Fortunately, he was in shape, so the body punches didn’t affect him, but the blows to the face were making him dizzy and the pain was excruciating. Then the worst happened.
“Hold his face, son, I’ma eat this nigga food!” the one with the box cutter yelled.
One of them held his face as Shamel tried to turn away. He felt a pinch, then a burning sensation. The masked men then put duct tape around his eyes. They picked him up under his arms and dragged him off the crate, down some stairs, which seemed like they went on forever, banging against his butt and legs.
“Open the door, son!”
The cold night air rushed in as the door opened. Shamel felt the air cooling the blood on his face, which was numb. In the distance, he heard cars driving by and police sirens. Then the men let him go, and his head hit the ground. Lying still, he wondered what the men were doing until he heard them open a car door.
“Cut the tape from his wrist, son!” one of them yelled. Hearing the sound of the box cutter open made his body tense.
“Turn around, mu’fucka!” someone said, tugging on his arm. With the strength he had, Shamel turned over on his side and let the guy cut the duct tape off his wrist. When his hand was freed, he pulled the tape off of his face at the same time he heard a car door slam and tires screeching.
By the time he got the tape off his eyes and pulled it from his ankles, his kidnappers were gone. Shamel looked around the neighborhood to see where he was. The block was filled with tenements; some abandoned, some not. The sidewalk was filled with piles of black industrial garbage bags and littered with garbage, baby diapers, and drug paraphernalia. He touched his face and felt the deep gash and the swelling. He looked at his hands and saw that they were covered in blood.

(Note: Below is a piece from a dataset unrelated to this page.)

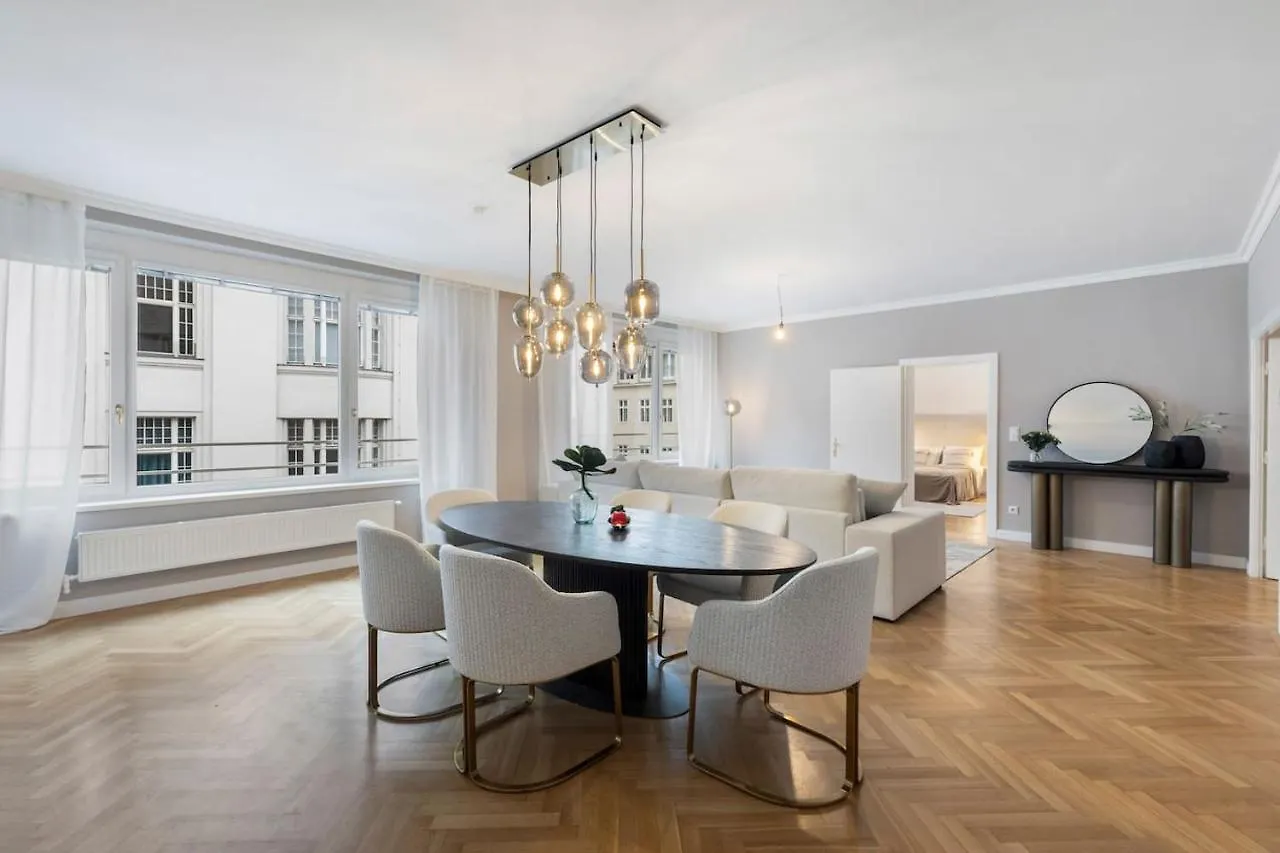 Luxury Living Schloss Belvedere Viena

The block looked familiar; he knew he was in Brooklyn, but was unsure where. He looked at a street sign as the elevated train at the corner rode by, making a screeching sound. Shamel could see the sparks of electricity from under the train as he read the sign: Hull Street and Broadway. He knew he was in Brownsville. Shamel walked to a pay phone on Broadway and dialed Mecca’s cell phone. She picked up on the first ring.
“Hello!”
Shamel never felt happier to hear someone’s voice. “Mecca, it’s me.”
“Shamel, where you at?” Mecca screamed into the phone, sounding relieved.
“Come get me. I’m on Hull and Broadway. I know who did this.”
“Don’t move, I’ll be right there. I’m sorry, Shamel,” Mecca cried.
“Don’t sweat it, Mecca. This ain’t your fault. These niggas going to pay. Hurry up, though. Niggas ate my food, I’m leaking.”